No es fácil envejecer. Especialmente cuando el que envejece eres tú mismo, que tienes que enfrentarte con tus límites y achaques, con tus fuerzas mermadas y tu psicología debilitada… No sólo tú te haces viejo. Son los demás quienes te lo recuerdan cuando te ningunean, cuando profesionalmente te aparcan y tus propios hijos dejan de preocuparse y te toca mendigar tiempo y cariño.
Mi tía Tálida, decidida defensora de sus derechos, que fregó la vida hasta el final a cuantos pudo a fin de mantener su puesto y liderazgo familiar, contaba un hermoso cuento que, a pesar de los años, no he olvidado. Al contrario, lo rememoro con frecuencia cuando tengo que tirar de las orejas a algún amnésico despistado.
Diz que era una familia pequeña en número y en amores. El viejo abuelo, cargado de arrugas y de temores, tenía la tembladera y, cuando comía la sopa, la derramaba sobre la pechera y sobre el mantel.
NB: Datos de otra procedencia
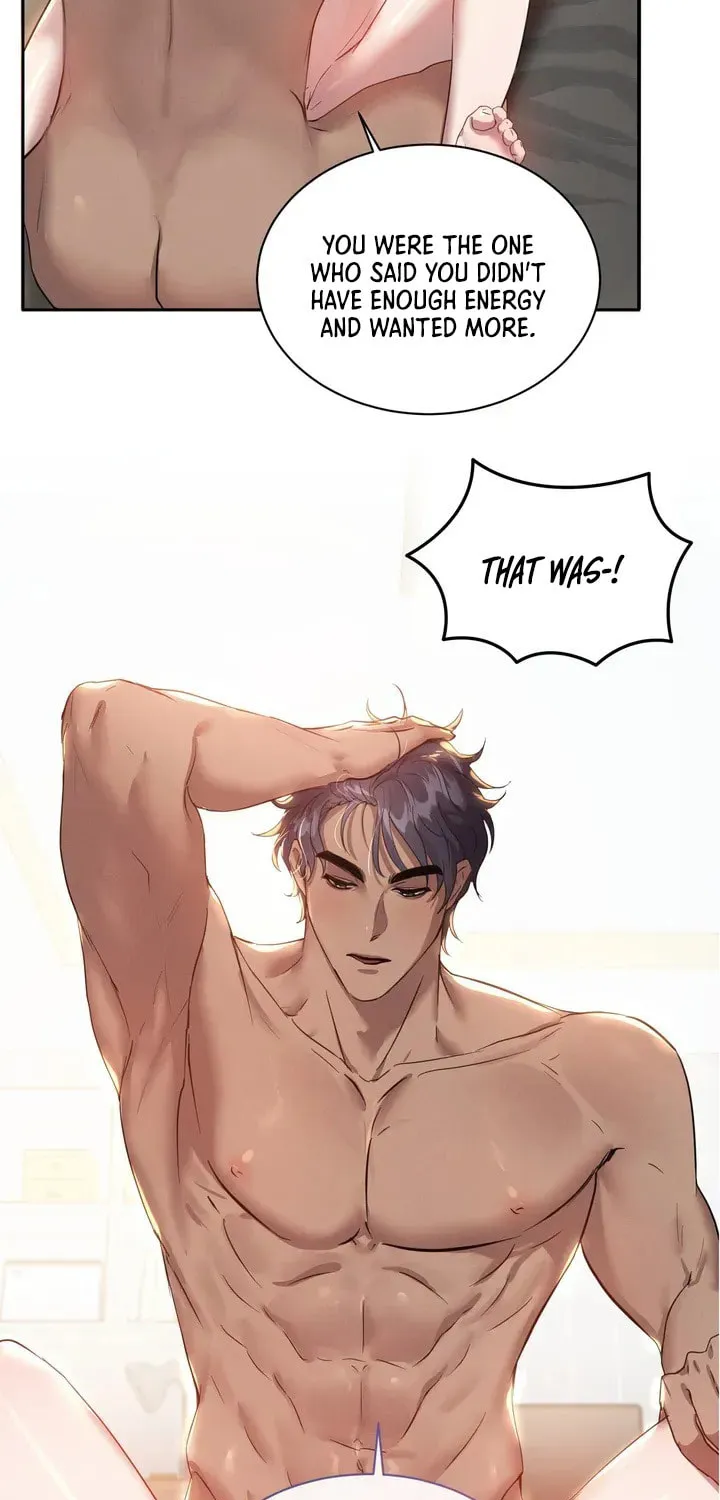 I Want to Become an Incubus, Too! Chapter 0 page 32 - 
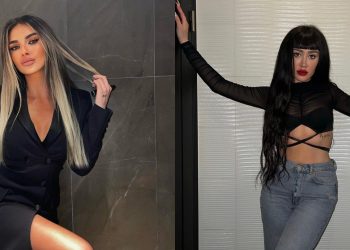 Trixa ironizon publikisht me deklaratën e Semit në emisionin e Donaldit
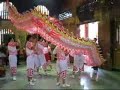 ?????? Dragon Dotting Ceremony ?????? Dragon Dotting Ceremony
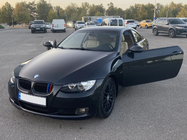 BMW 3 Series E92/E93 2006–2013 Riñoneras para E92 (3 uds) foto 1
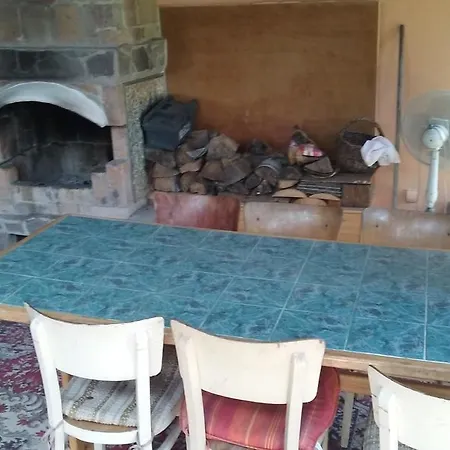 Casa de hóspedes Hugo 3*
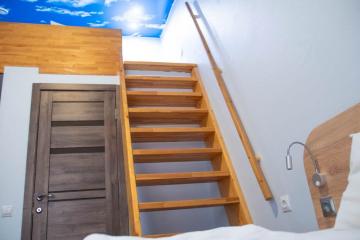 Отель Eagle House Inn Россия, Владивосток, фото 23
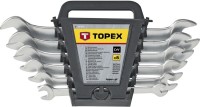 Photos - Tool Kit TOPEX 35D655 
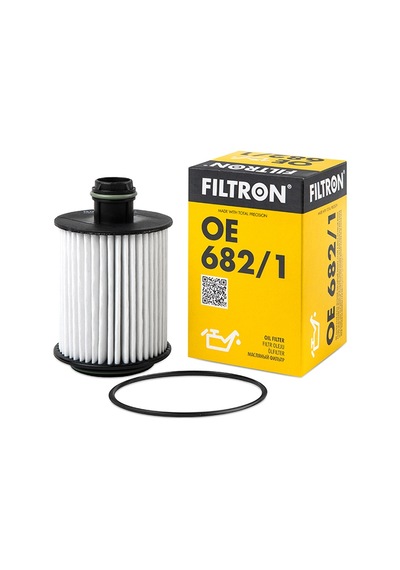 Fıltron Oe 682-1 Yağ Filtresi N11.14897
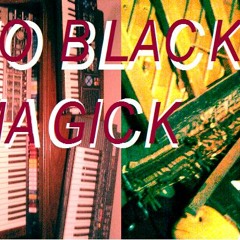 No Black Magick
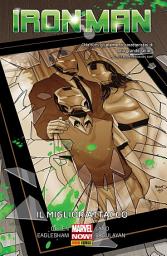 Icon image Iron Man (2013) 3: Il miglior attacco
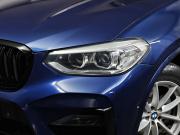 BMW X3 III (G01) Москва  - изображение 23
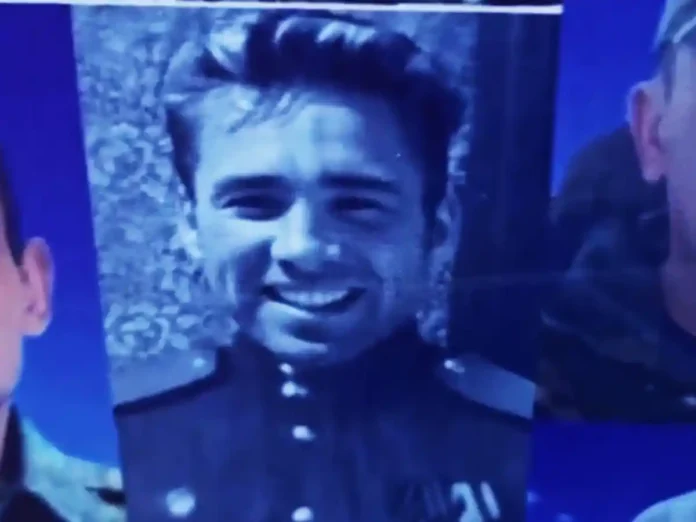 На росії порноактор став «ветераном» на честь Курської битви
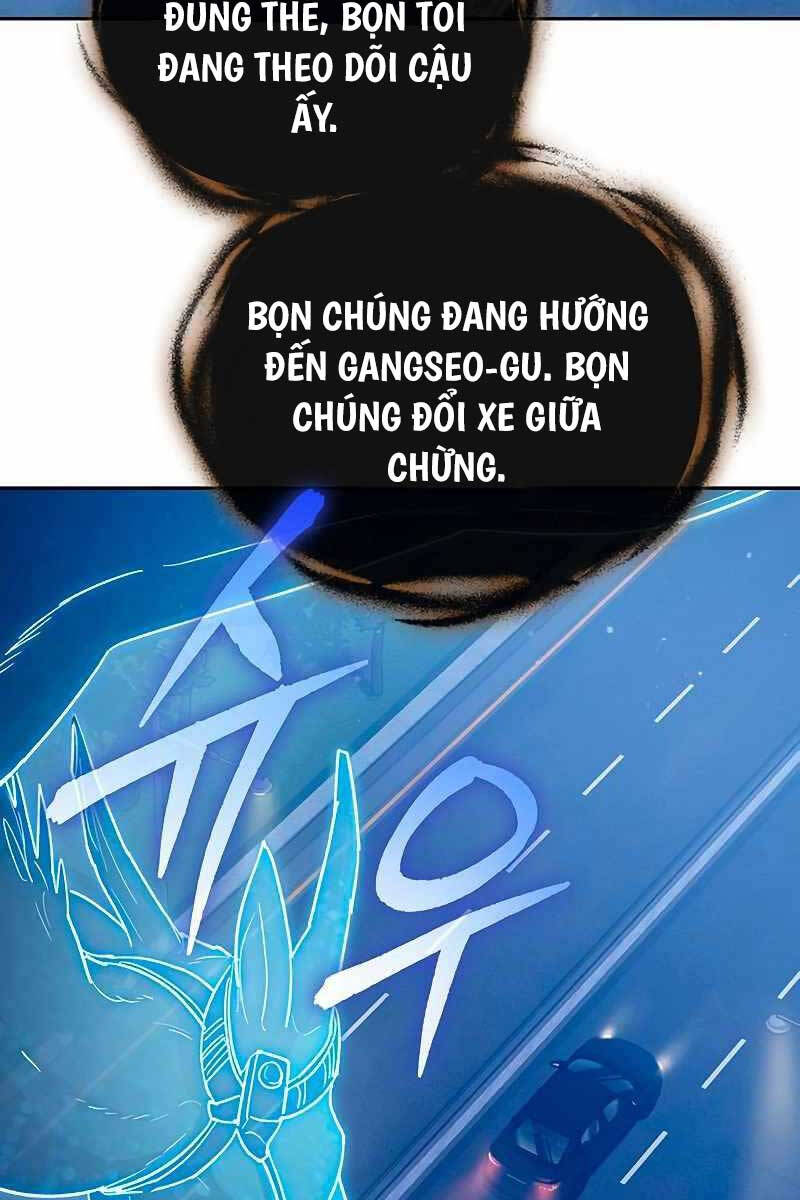 Những Ranker Cấp S Mà Tôi Nuôi Dưỡng Chapter 113 - Trang 14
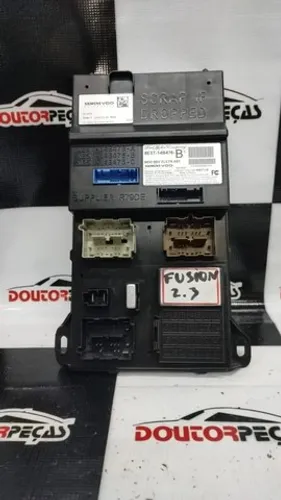 Módulo Bsi Fusion 2.3  
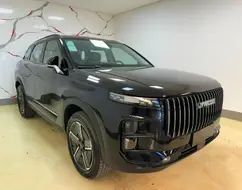 JAECOO 7 1.5 TGDI PHEV PRESTIGE DHT JAECOO 7 1.5 TGDI PHEV PRESTIGE DHT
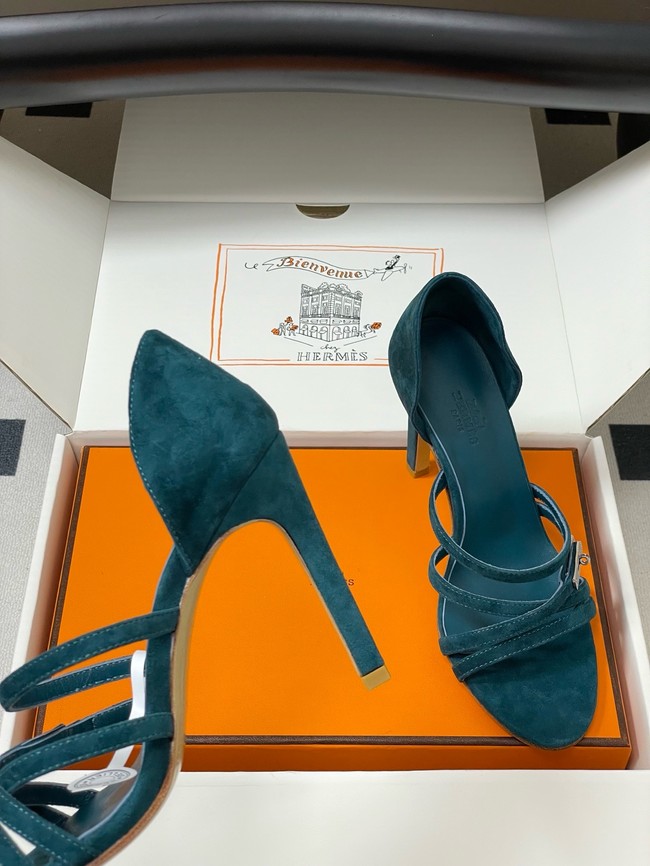 Louis Vuitton Gala Sandal 1AHKVQ-5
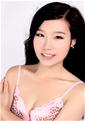 Pictures of beautiful women: beautiful Asian model Zhuya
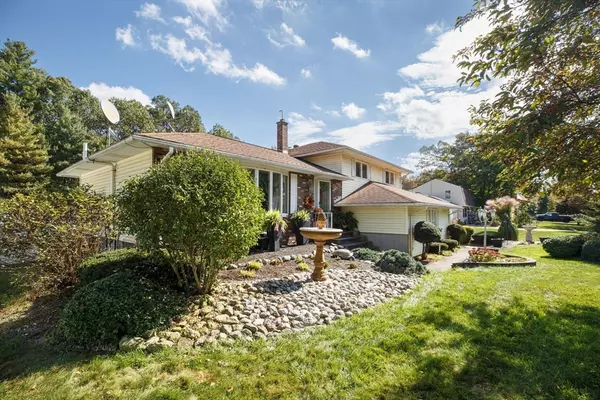 Ludlow, MA 01056,173 Colonial Dr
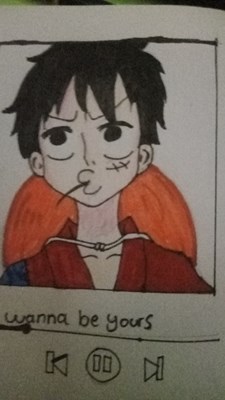 Siapa Kamu Jika Di One Piece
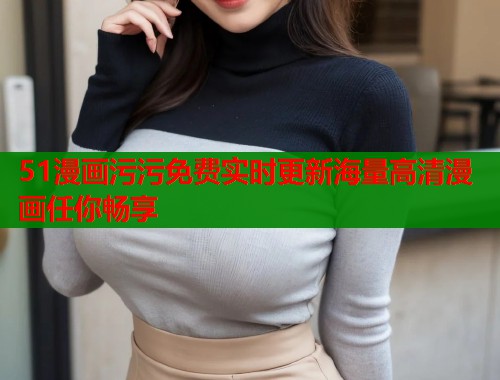 51漫画污污免费实时更新海量高清漫画任你畅享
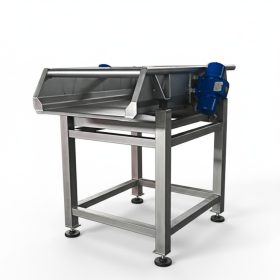 Masa vibratoare Zambelli VT 25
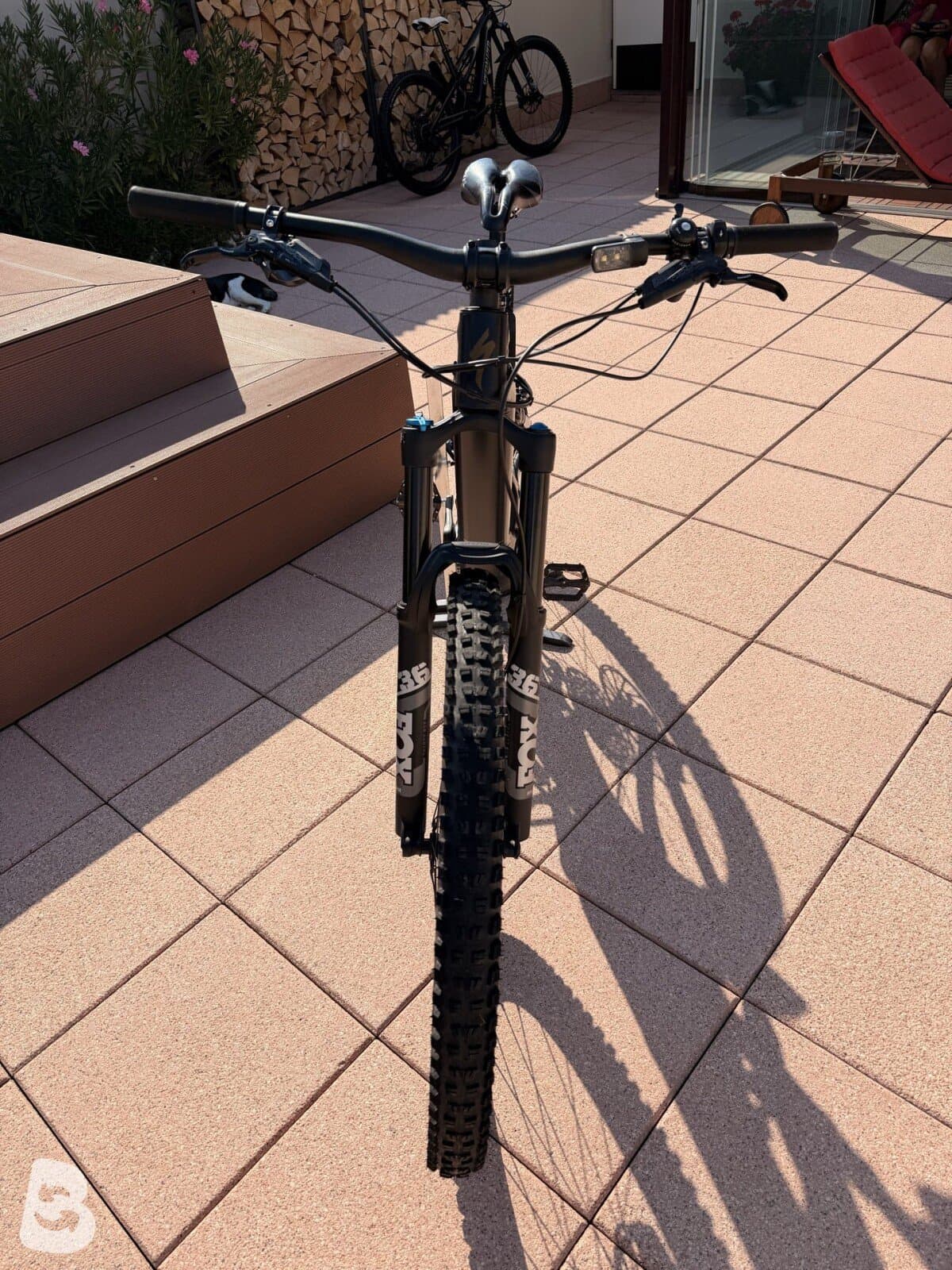 Specialized Turbo Levo Comp Alloy 2023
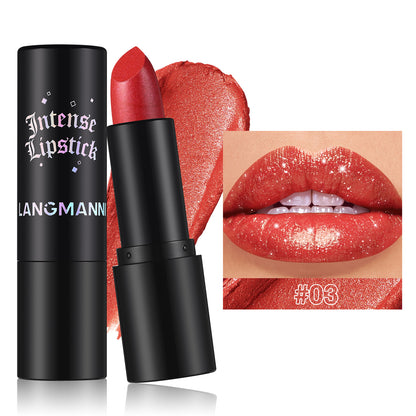 Pearl Lip and Cheek Tint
La mujer se desesperaba y le decía al marido: “Mira a tu padre… No trae cuenta lavar y sentirse mal cuando vienen las visitas a la casa”. El marido le decía: “Mujer, mi padre ya es viejito, tenle paciencia”. Pero tanto repitió la mujer su reclamo que, al pobre viejo, decidieron sacarlo al corredor a comer solito su sopa y a rumiar su disgusto. El viejo no se sentía bien y comenzaba a pensar que ya no valía nada y era para todos una carga. Pero un día, el nietito, que lo amaba, le dijo: “No se aflija, abuelo. Mañana, cuando esté solo en el corredor, deje caer su tazón de sopa y rómpalo en mil pedazos”. Así lo hizo, y cuando todos salieron a ver qué pasaba, el nieto se adelantó y habló el primero: “Abuelito, ¿qué ha hecho? ¿Cómo es que ha roto el tazón? El día de mañana, cuando mis padres sean viejos y yo los saque a comer al corredor, ¿en qué les voy a dar la sopa?”. Al día siguiente, el viejo volvió a sentarse a la mesa…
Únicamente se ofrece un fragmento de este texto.